How does the law manage these conflicting goals for the management of our natural resources? The answer to that question is particularly challenging in the United States where over 30% of the land is owned by the federal government, including much of the land most valuable for the economic production of natural resources and the protection of important environmental benefits. That percentage rises to over 50% in California, and much higher in other Western states. Accordingly, how the law manages natural resources in the United States involves questions of not just private property, but the design and management of public institutions.
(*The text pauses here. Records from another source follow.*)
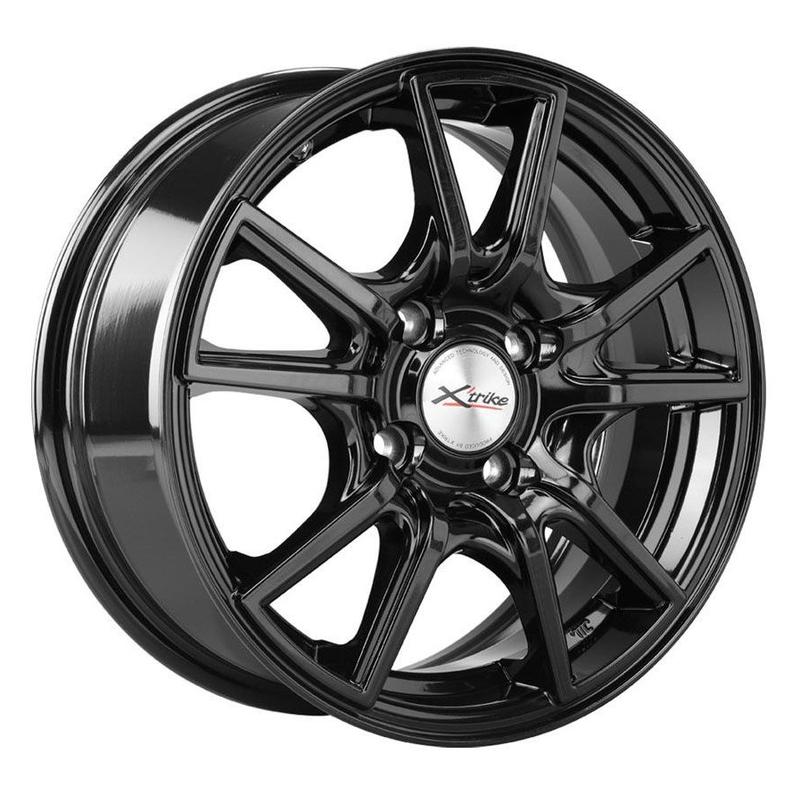 Литой диск X'trike X-104-bk 6x14 4x100 DIA67.1  ET38  BK / Чёрный глянцевый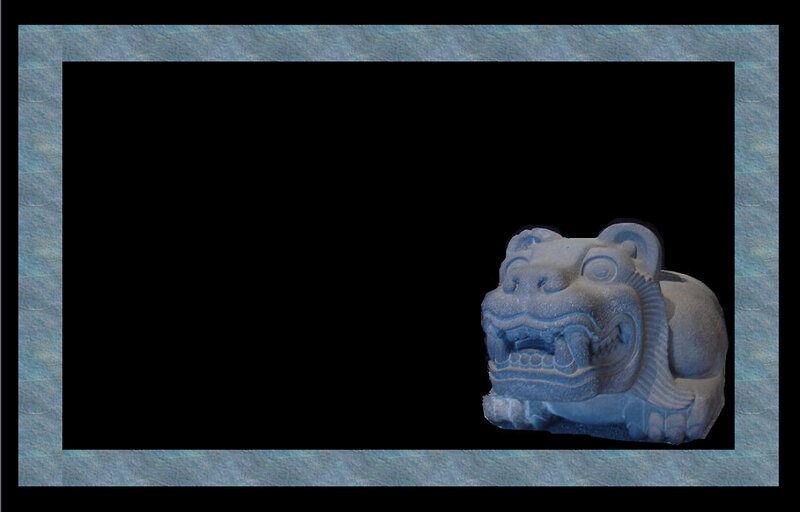 Stone Sculpture of a Beast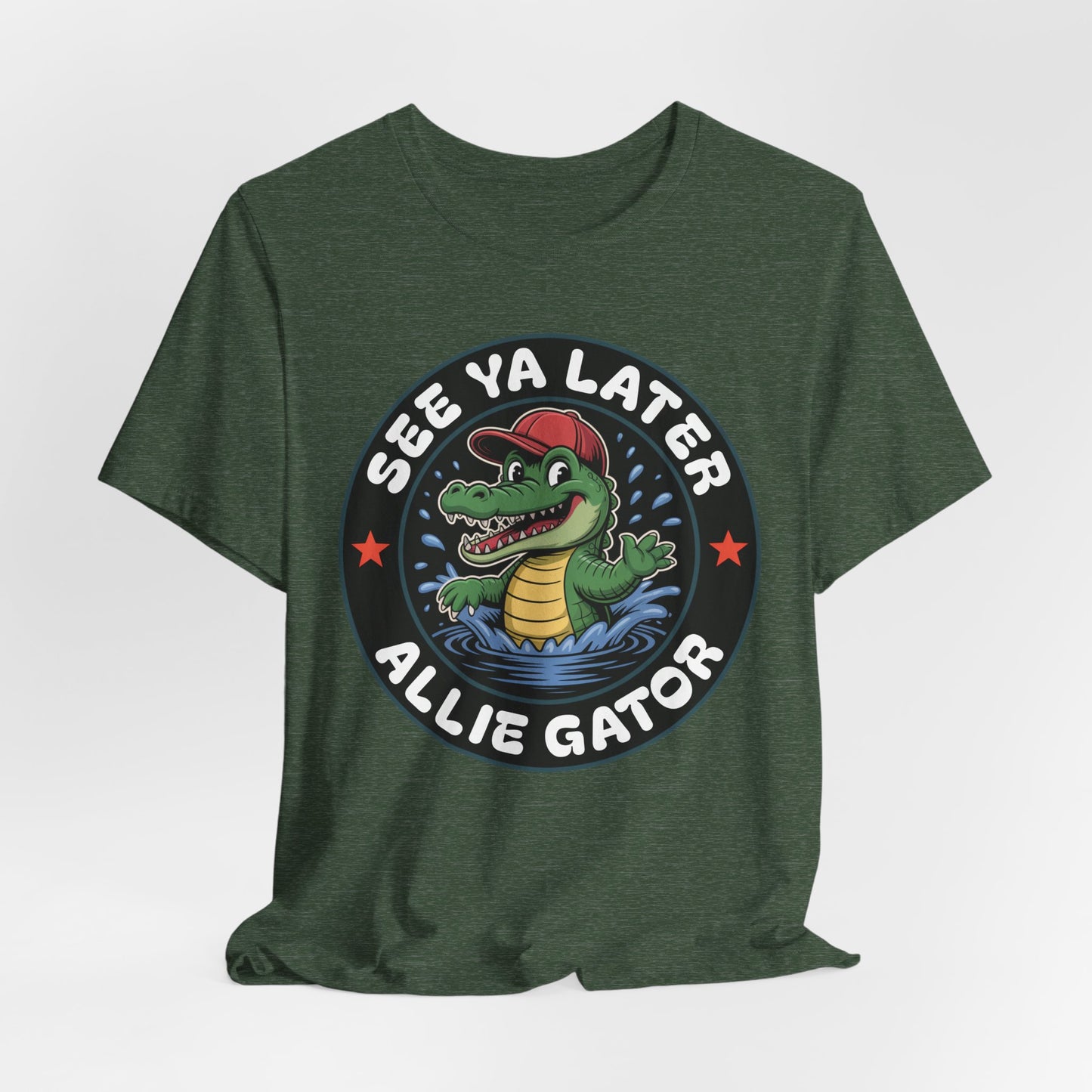 See Ya Later Allie Gator, Summer Vibes T-Shirt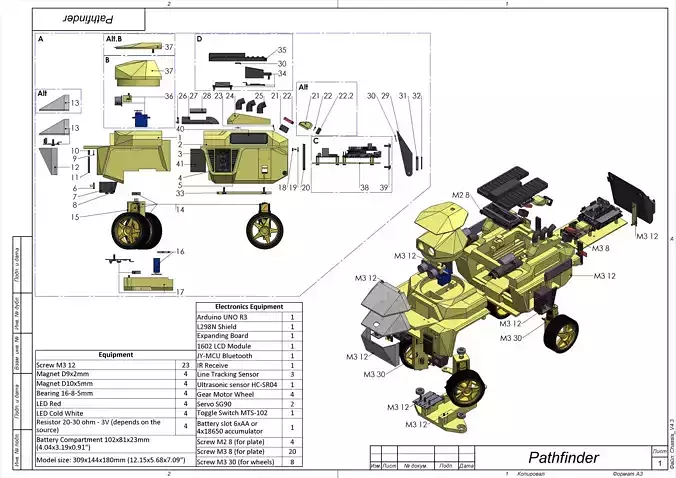 Pathfinder - Housing for RC Car - STL CAD bundle - Personal Use 3D print model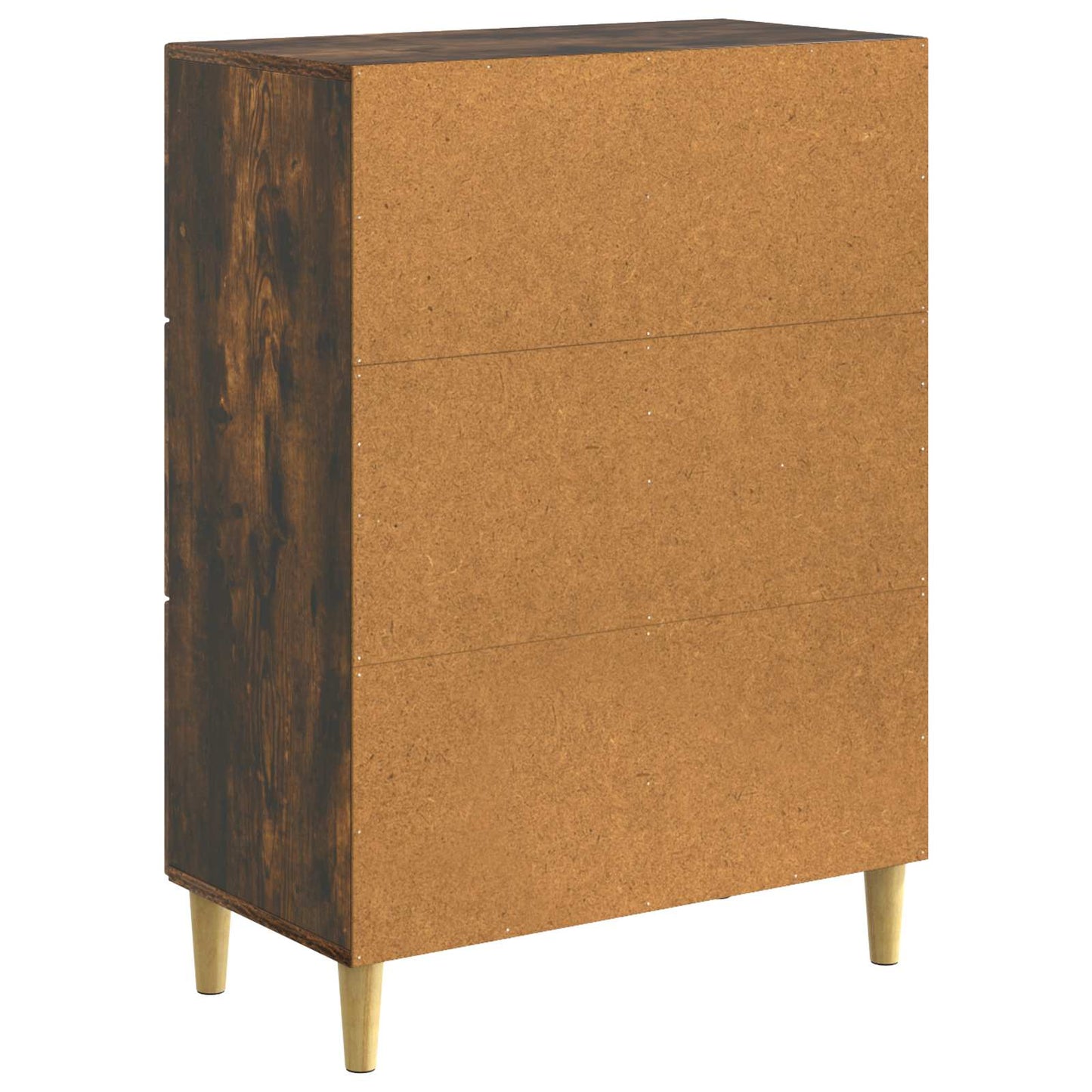 Serviesskap med skuff Røkt Eik 66 x 34,5 x 90 cm Konstruert tre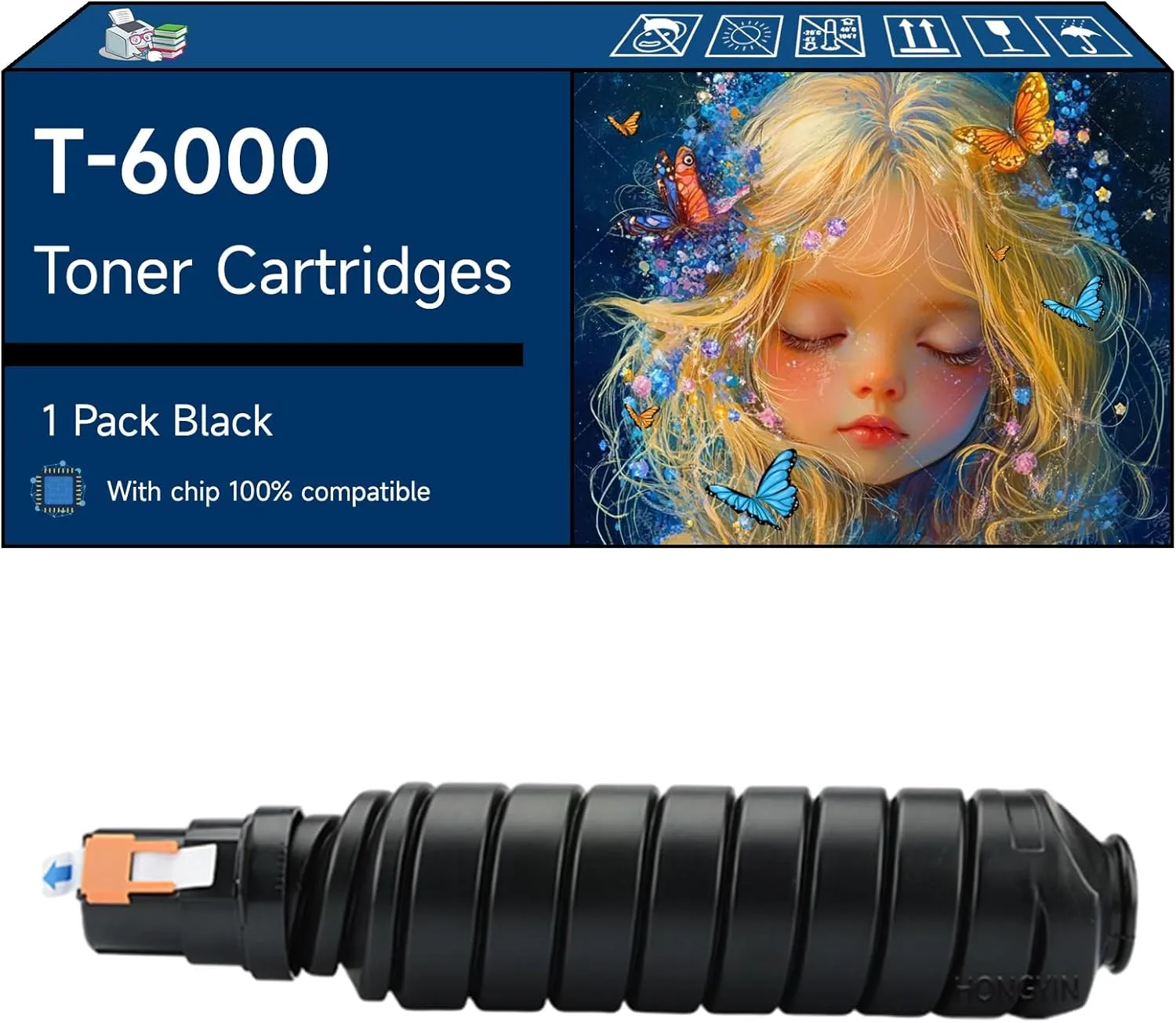 T-6000 Toner Cartridges Compatible with Toshiba E Studio 720 723 755 756 850 853 855 Printers (1 Pack Black)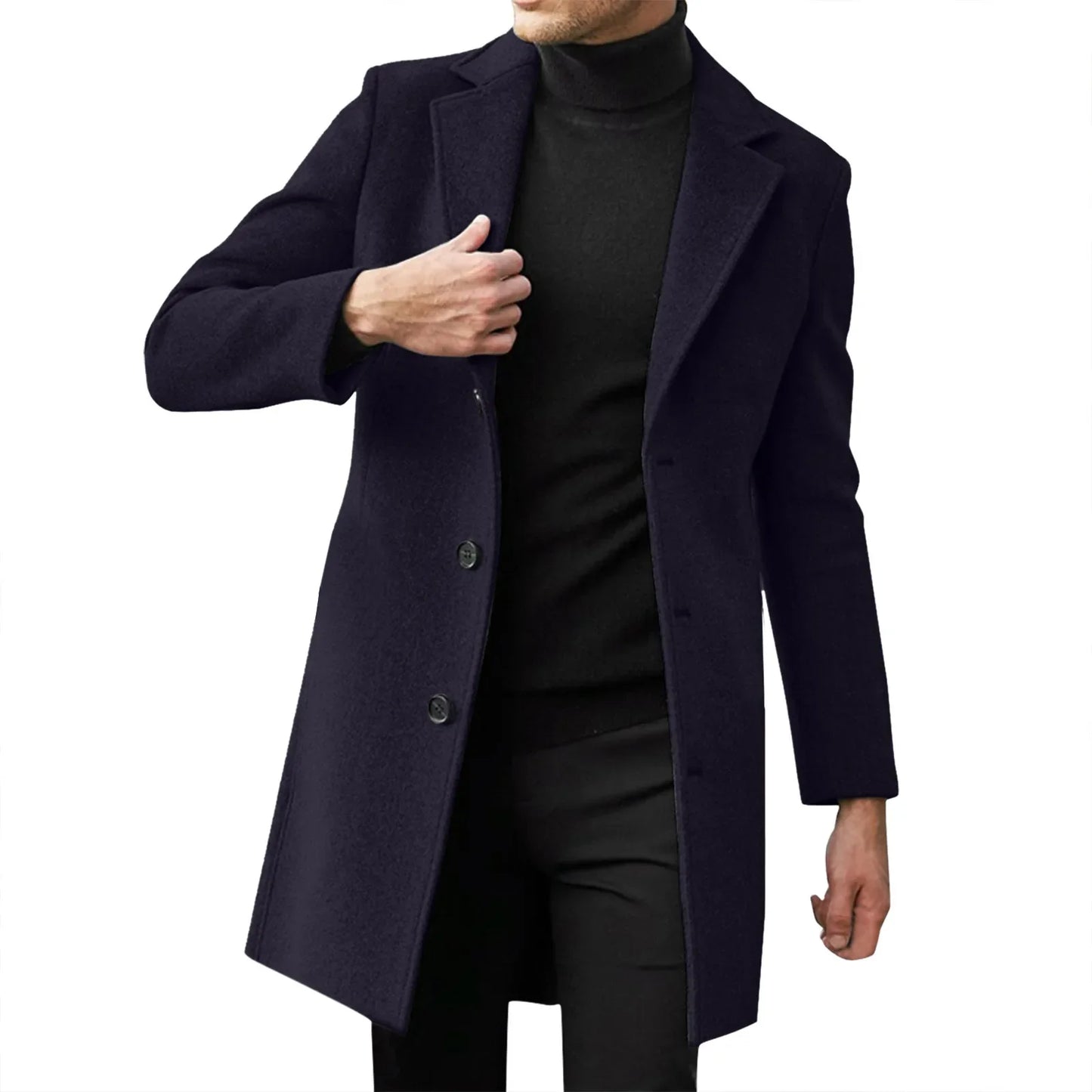 THE KENSINGTON – TAILORED WOOL BLEND OVERCOAT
To help answer these questions, this course surveys the management of public and private natural resources, with a particular focus on management of federal lands such as National Forests, Bureau of Land Management lands, and National Parks. The course looks closely at the agencies that manage those public lands, and explores the role that courts and the legal system should play in supervising how those agencies manage the lands and the associated natural resources. We will cover a substantial amount of administrative law and its application to natural resources management. We will also talk about state and federal regulation of natural resources on private lands including oil and gas law and the state public trust doctrine. Statutes covered in detail include the National Forest Management Act, the General Mining Law of 1872, the Taylor Grazing Act, the Federal Lands Policy and Management Act, the National Environmental Policy Act, and the Wilderness Act. Students may fulfill the writing requirement through a paper option in this class.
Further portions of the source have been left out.